* **What is expected**
Please set down each of the lines below once more, exactly, omitting all pictures.

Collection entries
+-------+

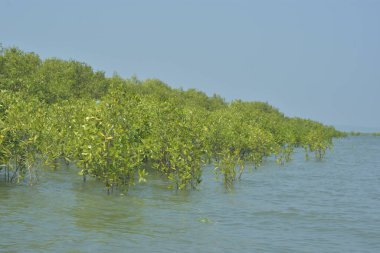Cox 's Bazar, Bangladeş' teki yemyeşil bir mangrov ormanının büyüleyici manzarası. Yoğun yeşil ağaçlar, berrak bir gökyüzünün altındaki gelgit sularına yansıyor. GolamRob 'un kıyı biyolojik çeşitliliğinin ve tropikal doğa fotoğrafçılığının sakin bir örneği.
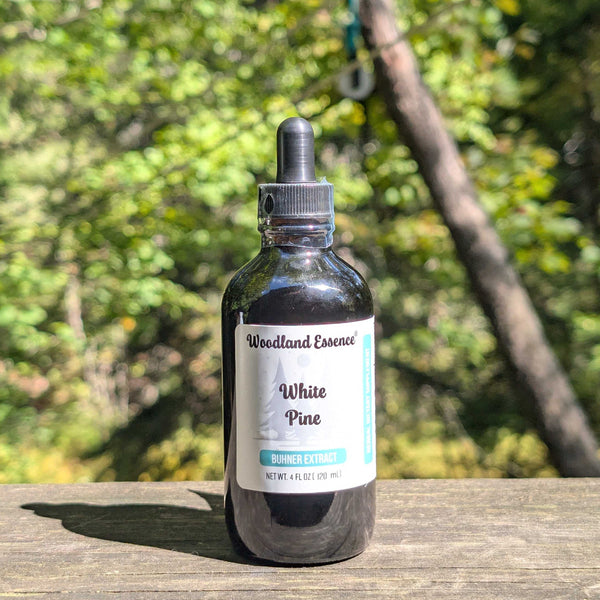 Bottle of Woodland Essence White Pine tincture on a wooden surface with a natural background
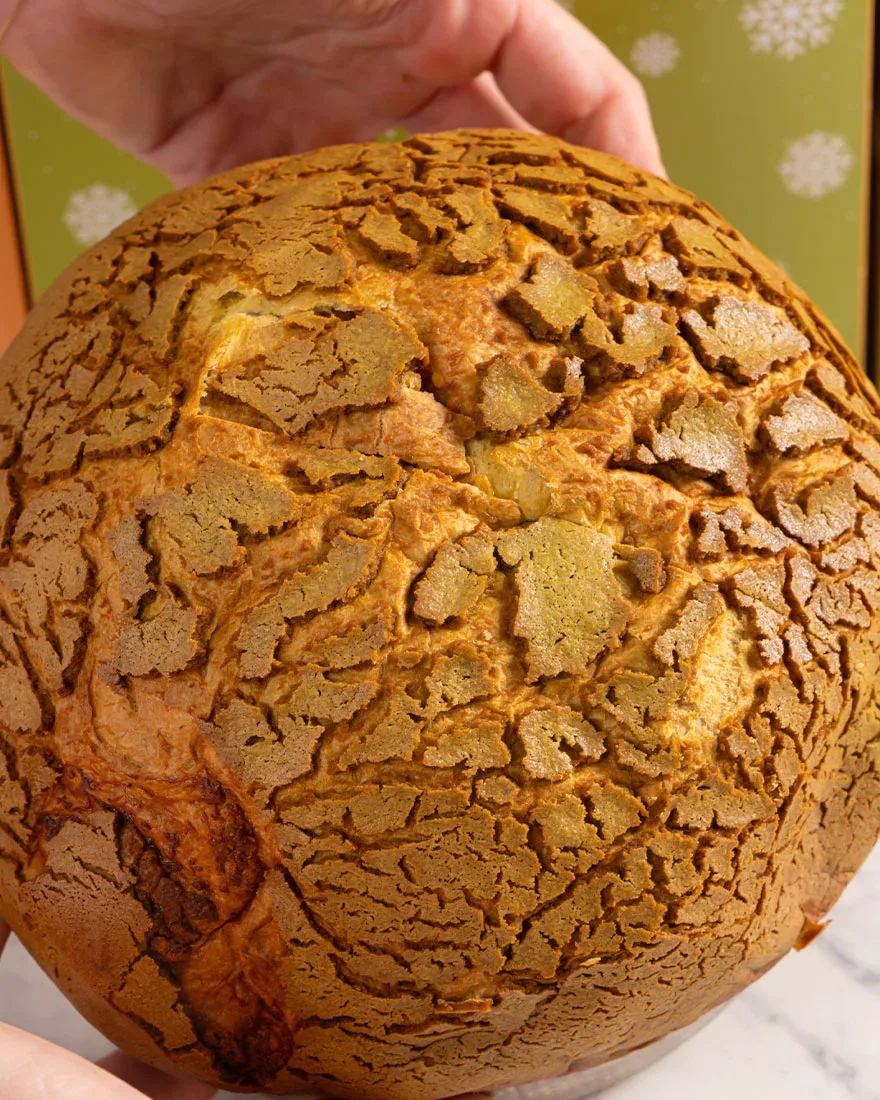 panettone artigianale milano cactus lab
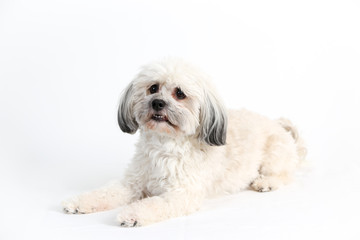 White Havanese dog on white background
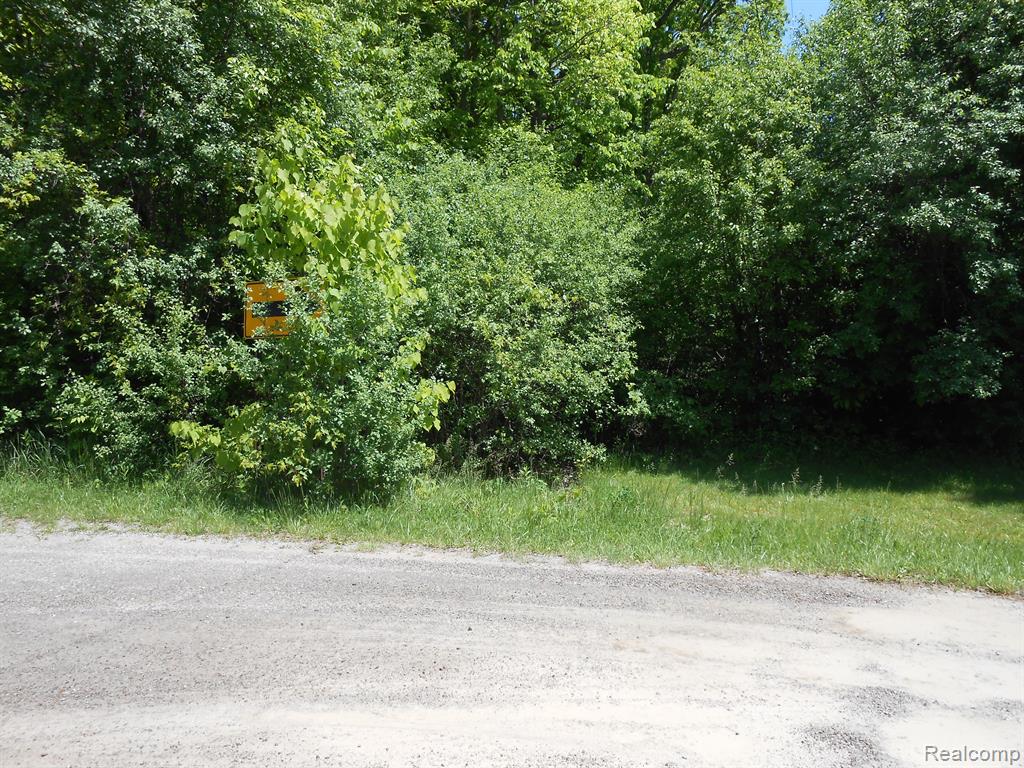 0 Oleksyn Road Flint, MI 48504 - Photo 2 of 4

+-------+

* **Solution for this exercise**
Cox 's Bazar, Bangladeş' teki yemyeşil bir mangrov ormanının büyüleyici manzarası. Yoğun yeşil ağaçlar, berrak bir gökyüzünün altındaki gelgit sularına yansıyor. GolamRob 'un kıyı biyolojik çeşitliliğinin ve tropikal doğa fotoğrafçılığının sakin bir örneği.
 Bottle of Woodland Essence White Pine tincture on a wooden surface with a natural background
 panettone artigianale milano cactus lab
 White Havanese dog on white background
 0 Oleksyn Road Flint, MI 48504 - Photo 2 of 4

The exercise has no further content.